There is not the slightest trace of decoration on the rice chest. Its occasional iron or brass fitting is not meant to make it more attractive, these fittings enhance the chests qualities of gravity and durability.
The structure of the rice chest, constructed from solid piece of pine tree, is depicted in bold, straight lines. The ordinary rice chest is usually designed to store one sack of rice, but even when there is not a grain of rice in it one does not think of it as some vacant shell.
It always looks chock full. There are always those four pillars at its corners which seem to be holding up a massive roof, as if this were some imposing religious edifice. These squat, solid heavy legs descend from the chest like the roots of a great tree.
While any other household item can be dismantled and moved around, the rice chest, no matter how little is inside, is of ponderous weight which anchors it firmly to one spot .Any rice chest is the one source of grain for the household, and where it sits is the symbolic center of household affairs.
We associate the rice chest with the housewife, lifting open that heavy lid so many times from the morning till night in providing for the family’s nourishment. This mother of the old days wore no makeup or jewelry but, in her quiet dignity, had every strand of hair up neatly in place. Her heart was filled to bursting with love for her family, and on that heart she kept an iron lock so that none of this love would be squandered. One sees in the heavy lock on the rice chest the same husbanding of nourishment against times of want.

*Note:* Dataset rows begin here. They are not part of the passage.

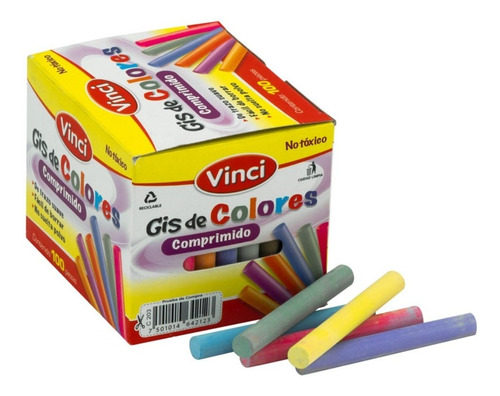 100 Gises De Colores Vinci Trazo Suave Gis Escolar No Tóxico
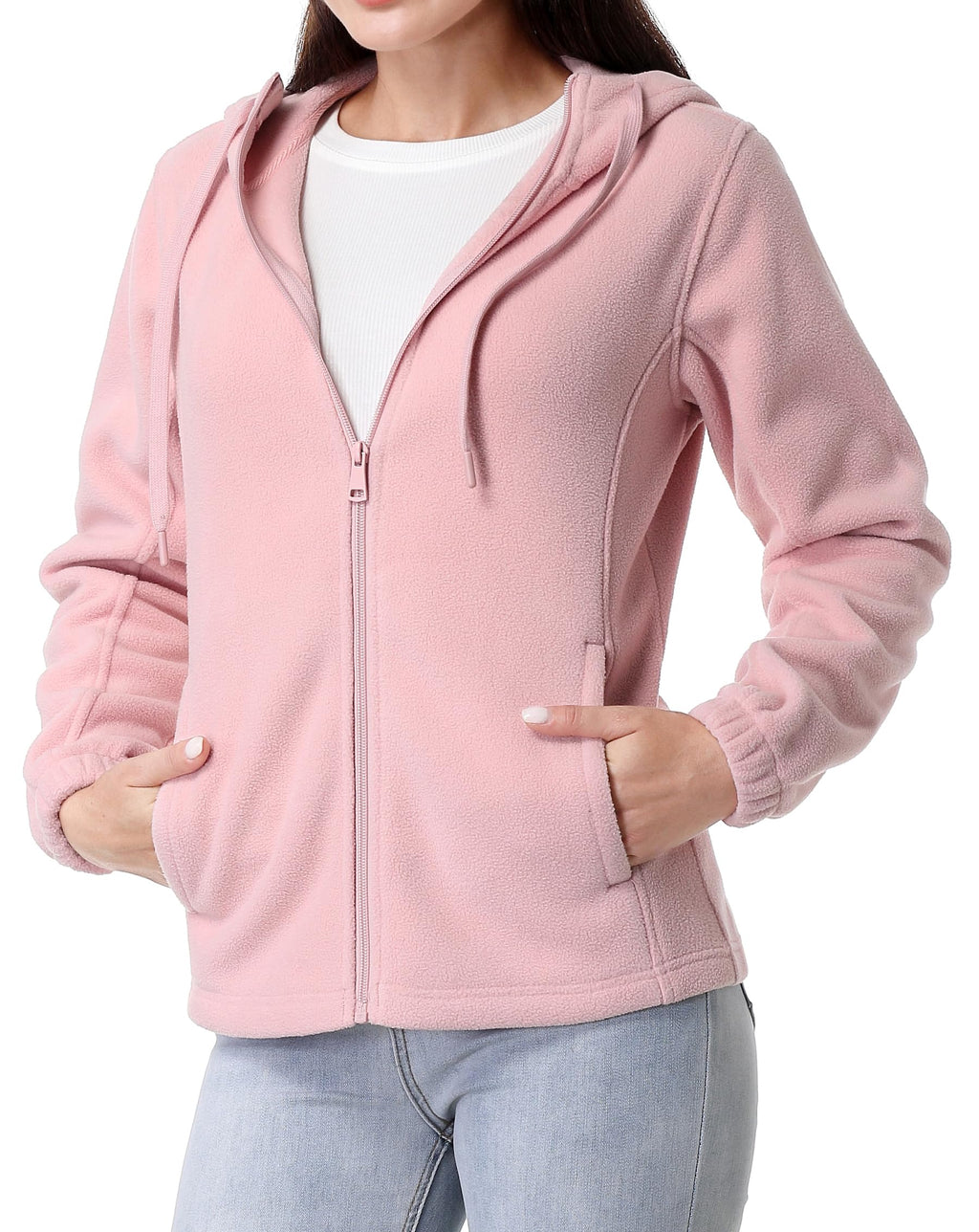 GIMECEN Women's Soft Polar Fleece Jacket Full Zip Hoodies Long Sleeve Sweatshirts Casual Hooded Outerwear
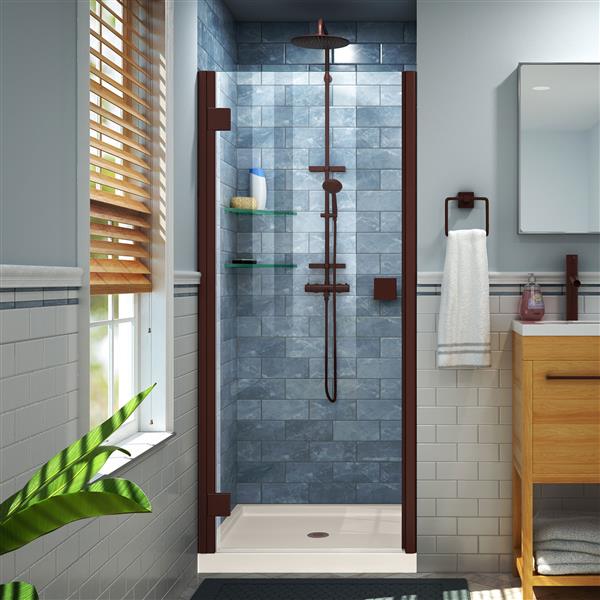 DreamLine Lumen Semi-Framed Shower Door/Base - 32-in - Bronze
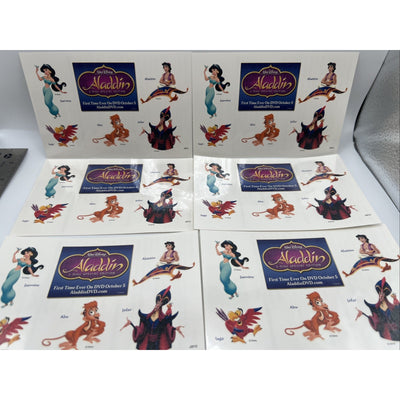 Walt Disney Aladdin DVD Temporary Tattoos Rare 6 Sheets Special Edition Jasmine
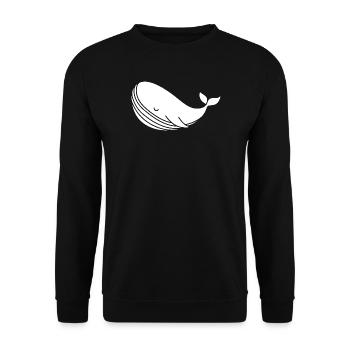 Whale silhouette minimalist sea motif - Unisex Sweatshirt - black - Front - Alina (178cm) & Michal (187cm)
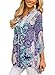 TrendiMax Women Casual Split V Neck Cuffed 3/4 Sleeve Floral Printed Blouses Tops (8 Floral Pattern) Purple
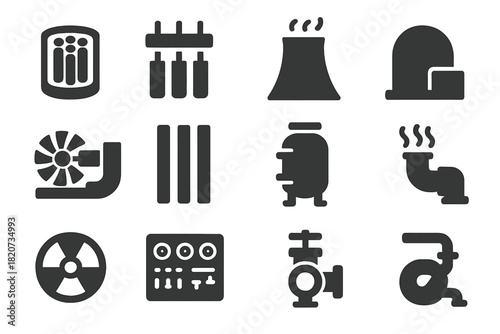 Nuclear Reactor Icons. Solid style icons of nuclear reactors: reactor core, control rods, cooling system, containment building,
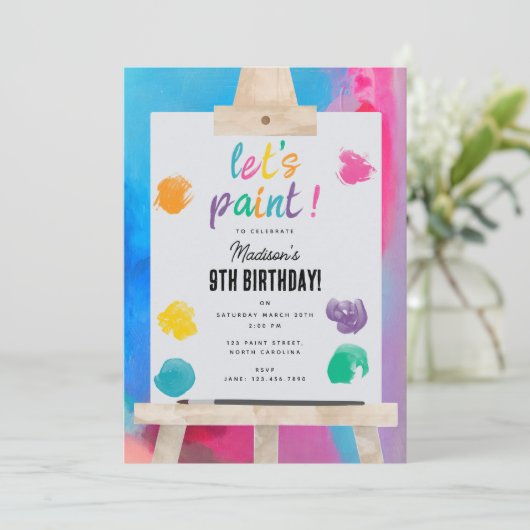 アート絵を描のクラフトアーティスト絵を描の誕生日テーマ 招待状 (スタンド正面)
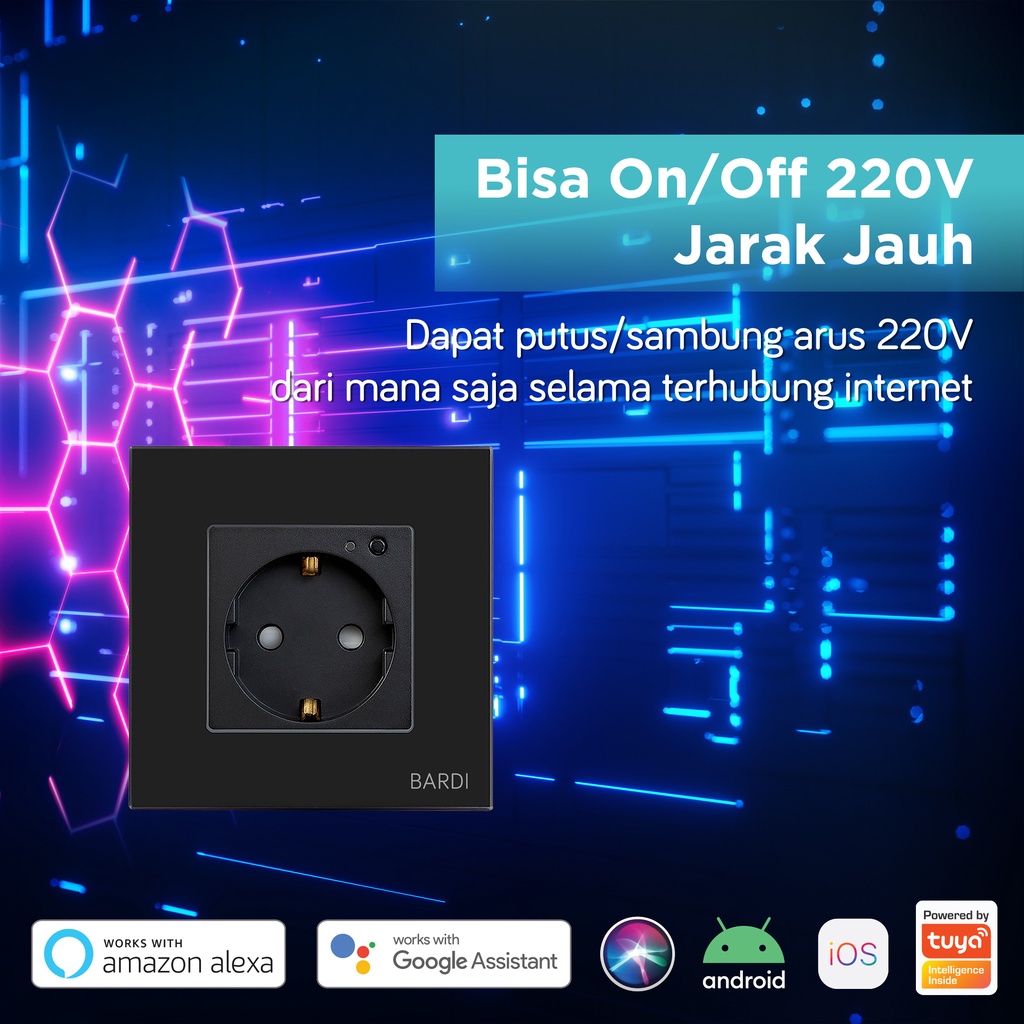 BARDI Solusi Otomasi BARDI Smart Wall Socket WiFi EU
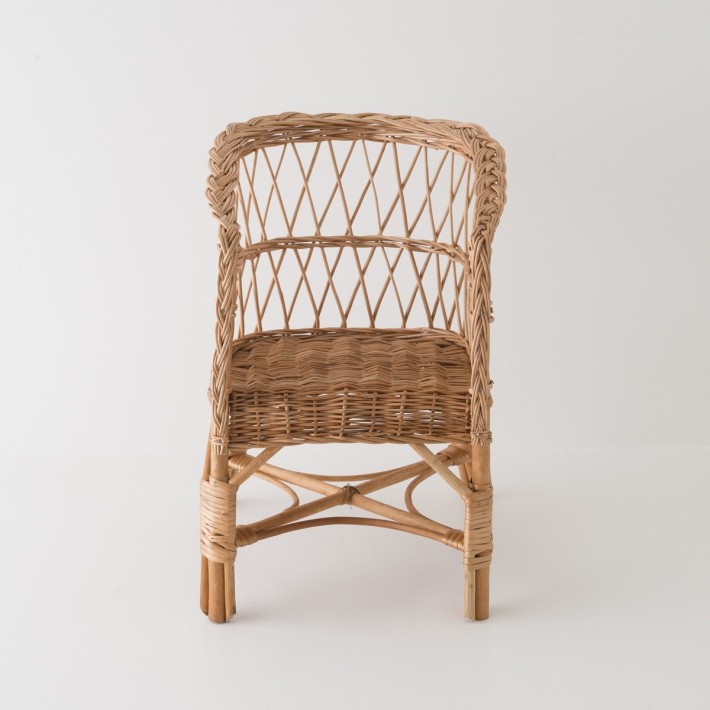 Brown openwork willow armchair for children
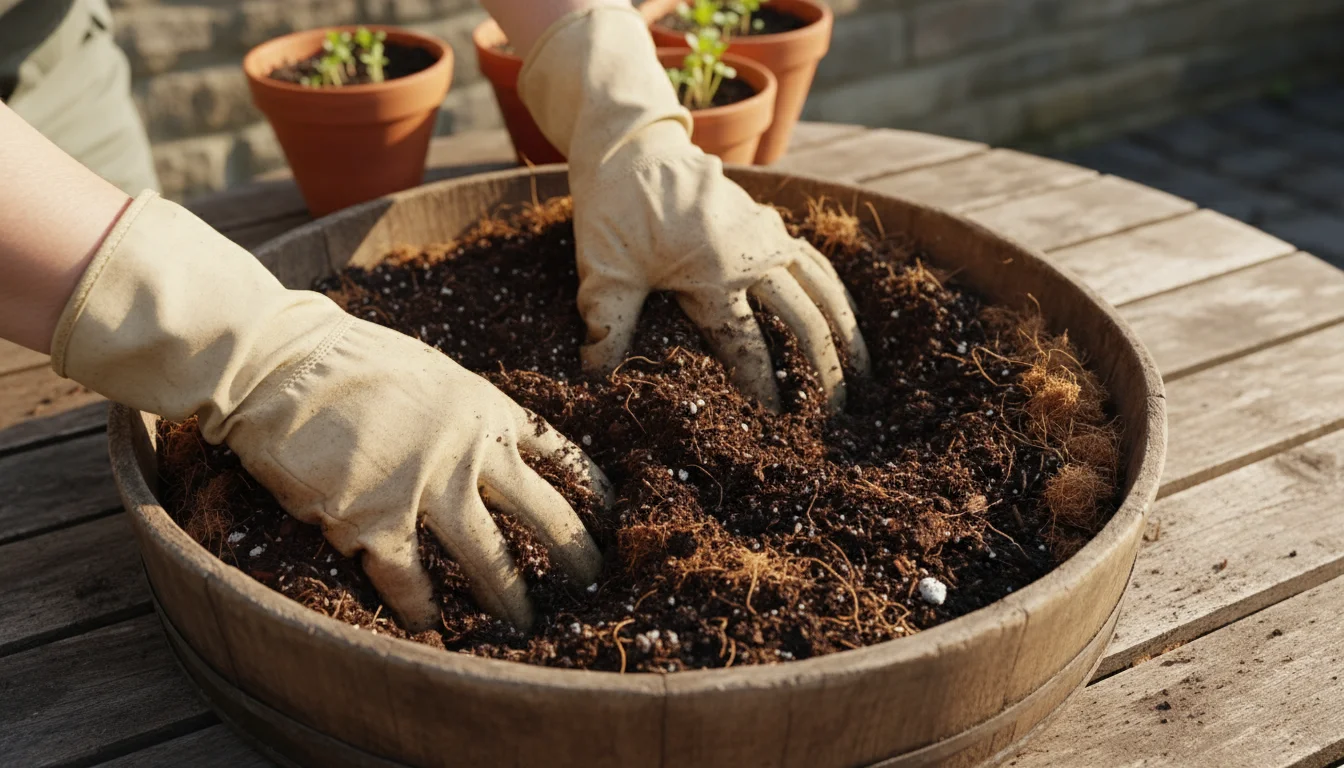 Close-up of gloved hands mixing dark potting soil with visible fibrous coconut coir and rich compost in a wooden trug on a patio table.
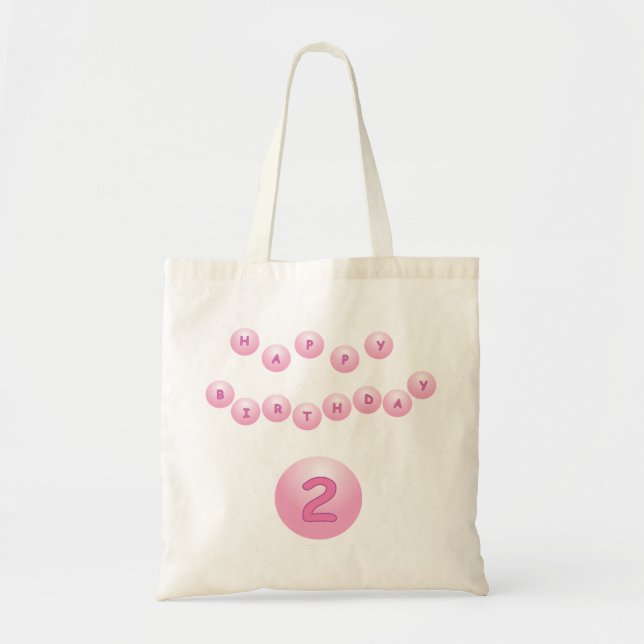 Tote Bag Boules d'anniversaire rose âge 2 (Devant)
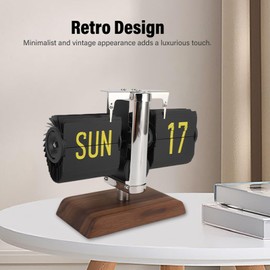 Luocute Flip Desk Clock, Retro Digital Flip Table Clocks, 12 Hour Display Mid Century Modern Decor Auto for Room, Home and Office, Large Number Digital Table Decors (Stainless Steel)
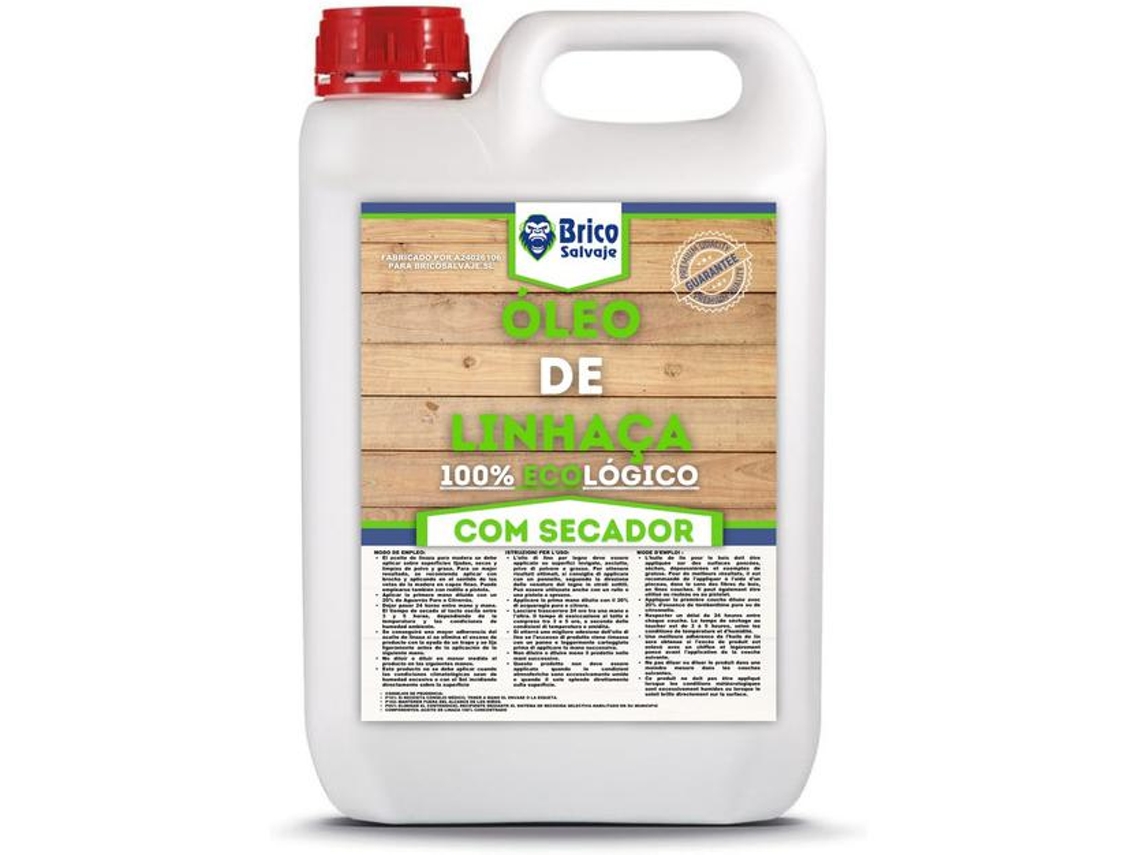 Aceite de Linaza CON SECANTE para la Madera 25 L BRICOSALVAJE, Teja, Terrazo aplicación fácil, 100% ecológico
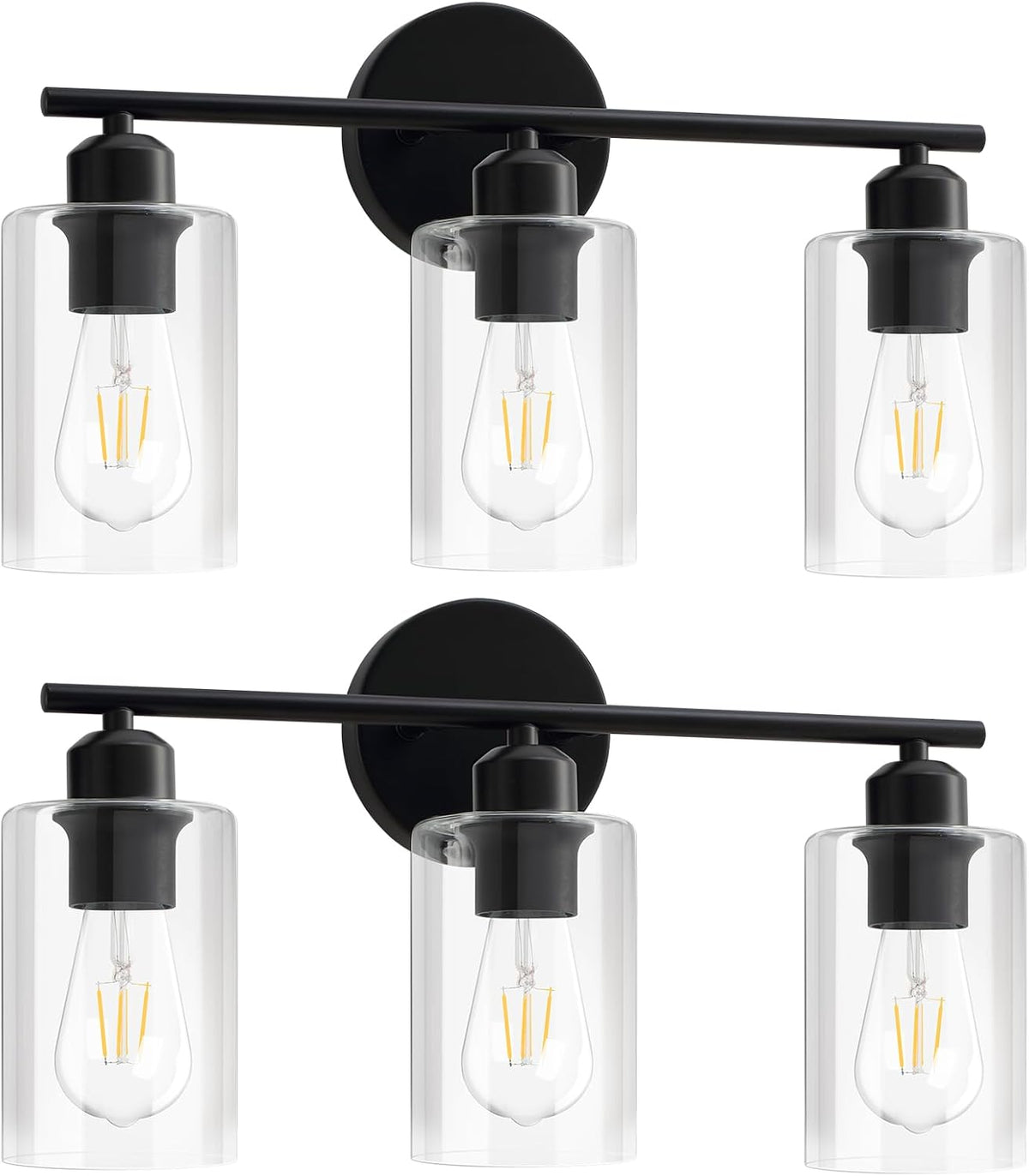 3-Light Bathroom Light Fixtures, Brushed Nickel Bathroom Vanity Lights, Bathroom Lighting Fixtures Over Mirror with Clear Glass Shade, Wall Sconce Light for Bedroom, Living Room and Hallway - Grand Goldman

This article was found in the book THINGS KOREAN from O Young Lee. Charles E Tuttle Company. First edition 1999.
The rice chest was probably the most common piece of furniture in Korean houses and could be found all over the peninsula. The average size was approximately H. 80-85cm, W. 90-100cm, D. 50-60cm. Larger pieces, sometimes with a bottom compartment and doors, were used by groups such as temples. Due to their rarity, they became sought-after collector’s items.
For the past 15 years, a large number of rice chests have been restored and their designs adapted for modern usage. Due to the poor condition in which these pieces were found, their sizes were modified to make them shorter and repurposed as coffee tables (approximately H. 40-45cm). The initial front panel was often removed and replaced with doors, some of which featured lattice designs.
The wooden chest (photo below) was traditionally utilized for storing grains. It features legs crafted from logs, planks inserted between the four legs and the base, and two boards affixed on top. The upper part is designed to open for pouring and scooping grains. The top board consists of a pair of panels, with the rear one fixed in place and the front one serving as a flap to open and close. A metal ornament is attached to the front panel to accommodate a lock. In earlier times, the size of a wooden rice chest was indicative of the economic status of the household.